We could smell the main event coming minutes before it came to the table. It was intoxicating, so much that I couldn't concentrate after that aroma had infiltrated my nostrils. So it was with great anticipation that our guest of honour was wheeled to the table in all its aromatic glory.
|Slow roasted organic suckling pig|
|Chef carves up the suckling pig|
|Pieces of pork crackling and meat from the slow roasted organic suckling pig|
I'm having crackling withdrawals now still as I remember plucking the particularly blistered pieces and putting them in my mouth, pausing a few microseconds to savour the moment, and then making my loud, crunching way through.

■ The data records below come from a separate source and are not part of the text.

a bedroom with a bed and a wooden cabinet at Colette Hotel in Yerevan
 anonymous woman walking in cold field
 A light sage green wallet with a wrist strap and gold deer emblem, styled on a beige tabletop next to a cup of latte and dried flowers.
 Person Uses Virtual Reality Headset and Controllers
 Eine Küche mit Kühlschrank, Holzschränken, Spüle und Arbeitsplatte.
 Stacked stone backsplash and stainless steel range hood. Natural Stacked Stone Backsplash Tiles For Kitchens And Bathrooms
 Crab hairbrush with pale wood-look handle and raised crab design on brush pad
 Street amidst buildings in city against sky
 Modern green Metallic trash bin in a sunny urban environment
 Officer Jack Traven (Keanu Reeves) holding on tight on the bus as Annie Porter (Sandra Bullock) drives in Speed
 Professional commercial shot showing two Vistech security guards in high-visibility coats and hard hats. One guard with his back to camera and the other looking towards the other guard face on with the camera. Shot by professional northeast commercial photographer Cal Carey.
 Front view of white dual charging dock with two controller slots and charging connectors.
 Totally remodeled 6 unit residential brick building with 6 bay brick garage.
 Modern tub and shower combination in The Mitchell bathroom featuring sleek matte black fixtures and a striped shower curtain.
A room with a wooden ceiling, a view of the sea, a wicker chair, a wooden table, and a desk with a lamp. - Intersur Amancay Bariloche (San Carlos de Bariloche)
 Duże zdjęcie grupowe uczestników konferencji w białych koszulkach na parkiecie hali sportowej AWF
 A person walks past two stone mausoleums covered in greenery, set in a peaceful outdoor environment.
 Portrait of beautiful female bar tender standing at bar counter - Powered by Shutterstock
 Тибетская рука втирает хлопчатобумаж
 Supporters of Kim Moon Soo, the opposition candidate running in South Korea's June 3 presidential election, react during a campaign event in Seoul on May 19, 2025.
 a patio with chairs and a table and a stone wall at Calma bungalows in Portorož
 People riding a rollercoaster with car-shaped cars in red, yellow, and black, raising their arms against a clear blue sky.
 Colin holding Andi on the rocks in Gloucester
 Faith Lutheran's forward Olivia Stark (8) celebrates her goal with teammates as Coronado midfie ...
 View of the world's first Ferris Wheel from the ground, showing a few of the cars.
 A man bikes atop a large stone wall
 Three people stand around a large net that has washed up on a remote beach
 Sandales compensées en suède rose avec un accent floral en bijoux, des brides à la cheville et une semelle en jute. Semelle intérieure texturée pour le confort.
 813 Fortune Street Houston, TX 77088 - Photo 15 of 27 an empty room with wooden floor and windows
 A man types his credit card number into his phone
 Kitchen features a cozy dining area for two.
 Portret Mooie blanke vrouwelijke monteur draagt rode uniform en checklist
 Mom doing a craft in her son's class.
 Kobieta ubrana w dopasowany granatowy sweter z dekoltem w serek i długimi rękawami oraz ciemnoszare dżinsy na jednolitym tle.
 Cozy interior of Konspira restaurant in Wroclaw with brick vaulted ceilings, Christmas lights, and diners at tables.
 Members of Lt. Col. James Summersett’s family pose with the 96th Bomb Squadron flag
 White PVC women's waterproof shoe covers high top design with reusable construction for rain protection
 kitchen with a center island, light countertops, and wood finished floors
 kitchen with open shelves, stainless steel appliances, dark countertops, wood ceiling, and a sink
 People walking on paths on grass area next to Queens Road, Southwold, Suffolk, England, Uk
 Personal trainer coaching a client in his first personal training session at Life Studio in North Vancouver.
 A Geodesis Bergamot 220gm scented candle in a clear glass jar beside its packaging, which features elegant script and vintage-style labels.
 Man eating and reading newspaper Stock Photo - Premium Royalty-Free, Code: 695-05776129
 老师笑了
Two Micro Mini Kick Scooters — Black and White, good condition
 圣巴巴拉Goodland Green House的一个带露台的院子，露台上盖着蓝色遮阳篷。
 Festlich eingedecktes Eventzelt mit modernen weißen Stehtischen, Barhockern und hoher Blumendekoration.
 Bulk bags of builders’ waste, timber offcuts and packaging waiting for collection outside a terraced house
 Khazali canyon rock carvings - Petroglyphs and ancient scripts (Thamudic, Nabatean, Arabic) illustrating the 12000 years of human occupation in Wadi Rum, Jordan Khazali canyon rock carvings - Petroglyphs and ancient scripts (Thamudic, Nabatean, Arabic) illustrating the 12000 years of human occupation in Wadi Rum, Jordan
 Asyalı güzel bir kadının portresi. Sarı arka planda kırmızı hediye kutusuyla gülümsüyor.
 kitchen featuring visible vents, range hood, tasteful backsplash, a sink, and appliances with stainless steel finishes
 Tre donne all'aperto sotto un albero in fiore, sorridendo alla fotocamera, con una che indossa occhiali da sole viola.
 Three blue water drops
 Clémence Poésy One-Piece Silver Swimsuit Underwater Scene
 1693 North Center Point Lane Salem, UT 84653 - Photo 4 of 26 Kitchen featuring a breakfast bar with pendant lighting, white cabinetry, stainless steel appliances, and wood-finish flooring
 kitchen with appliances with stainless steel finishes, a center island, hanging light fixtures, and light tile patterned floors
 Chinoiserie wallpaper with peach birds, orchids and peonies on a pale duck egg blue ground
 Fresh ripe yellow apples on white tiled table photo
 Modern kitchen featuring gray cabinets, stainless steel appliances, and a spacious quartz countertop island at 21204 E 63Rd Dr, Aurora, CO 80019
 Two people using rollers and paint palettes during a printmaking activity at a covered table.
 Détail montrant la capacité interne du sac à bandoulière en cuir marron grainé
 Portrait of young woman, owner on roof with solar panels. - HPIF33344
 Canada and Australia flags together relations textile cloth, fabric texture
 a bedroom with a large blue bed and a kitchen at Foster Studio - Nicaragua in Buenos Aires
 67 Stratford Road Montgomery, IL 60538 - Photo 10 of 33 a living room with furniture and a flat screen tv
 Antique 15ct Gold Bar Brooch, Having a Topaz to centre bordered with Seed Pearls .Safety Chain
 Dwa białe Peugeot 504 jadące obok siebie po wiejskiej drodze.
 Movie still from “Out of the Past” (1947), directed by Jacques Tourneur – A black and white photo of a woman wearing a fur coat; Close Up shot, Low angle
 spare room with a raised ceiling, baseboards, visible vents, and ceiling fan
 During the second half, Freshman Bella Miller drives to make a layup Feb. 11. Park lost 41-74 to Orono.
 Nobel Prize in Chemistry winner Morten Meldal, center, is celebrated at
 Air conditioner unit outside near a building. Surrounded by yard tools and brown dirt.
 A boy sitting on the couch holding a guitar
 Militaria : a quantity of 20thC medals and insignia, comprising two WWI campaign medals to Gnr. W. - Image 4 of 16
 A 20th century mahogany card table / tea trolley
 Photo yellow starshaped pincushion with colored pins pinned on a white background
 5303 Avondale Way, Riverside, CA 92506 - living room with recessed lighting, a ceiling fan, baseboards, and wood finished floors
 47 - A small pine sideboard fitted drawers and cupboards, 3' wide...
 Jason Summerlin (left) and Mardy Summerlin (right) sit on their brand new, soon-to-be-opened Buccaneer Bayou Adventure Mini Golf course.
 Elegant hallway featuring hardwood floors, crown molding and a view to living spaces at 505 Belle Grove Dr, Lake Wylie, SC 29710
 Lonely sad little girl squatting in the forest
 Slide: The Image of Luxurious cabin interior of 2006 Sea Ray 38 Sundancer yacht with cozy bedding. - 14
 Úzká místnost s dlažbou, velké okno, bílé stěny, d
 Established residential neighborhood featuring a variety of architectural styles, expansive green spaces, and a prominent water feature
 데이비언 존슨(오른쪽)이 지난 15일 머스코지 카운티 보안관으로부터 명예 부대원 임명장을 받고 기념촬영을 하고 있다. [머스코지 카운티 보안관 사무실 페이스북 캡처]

Whether it was the ear-filling crunch of the crackling or whether the crackling takes me away to another world momentarily - all I know is that there's nothing else around or relevant when there's salty, crunchy pork crackling. While the blistery pieces were fabulous, even the smooth pieces were impressively crunchy and thin.
|Apple sauce, jus and harissa to go with the suckling pig|
The pork meat itself was also an adventure, as with the entire beast offered, there were varying cuts of pork spread across the table. I can't honestly say which pieces I got, although I think there was definitely some belly (attached fatty section) along with other cuts that seemed to have been tastily and juicily infused by the fat rendered out of the outer layers
|The second plate of suckling pig|
Pleasingly, we finished our second plate clean, as I think we all did. In fact, we probably finished the whole pig clean as there were trotters, tails, cheeks and the snout even being dished out by David.
One would think that that would be enough feasting to last a week. One would be quite wrong. To many, a meal isn't complete without a sweet ending - and in fact, we had several.
|Caramelised banana cheesecake, butterscoth and peanut brittle|
In another interesting point, this dessert retails for $8. Seriously. Given the sometimes tough market they have to deal with, David and Chophouse have opted for a rather low price for all desserts to encourage the inner boy/sweet tooth to go the whole hog and do dessert. As for the rest of us, it's win-win. But wait, there's more.
|Chophouse chocolate block|
We had the chocolate and dessert with truly generous, help ourselves Hennessy XO cognac and an unusual Berta grappa - the latter of which, after burning my nostrils with its fumes, had a sweet fruity aroma somewhere beneath the burning alcohol. The seriously hard liquors are probably not really my thing.
|Dry-aged Delmonico in the goody bag|
From the chocolate and grappa, I somehow managed to waddle (stumble?) out the door, thankful and rather full. I think the Carvery is going to be a really interesting concept, with a set roast each weekday evening. I think the likes of the goat and pheasant will garner a cult following, while I'll be blocking out suckling pig nights in my diary - perhaps Wednesday nights so it's piggy in the middle (of the week).
Many thanks to Adam, David, Michelle, Sarah and Chophouse for the fabulous evening - it's one I'll remember and drool over for a while to come.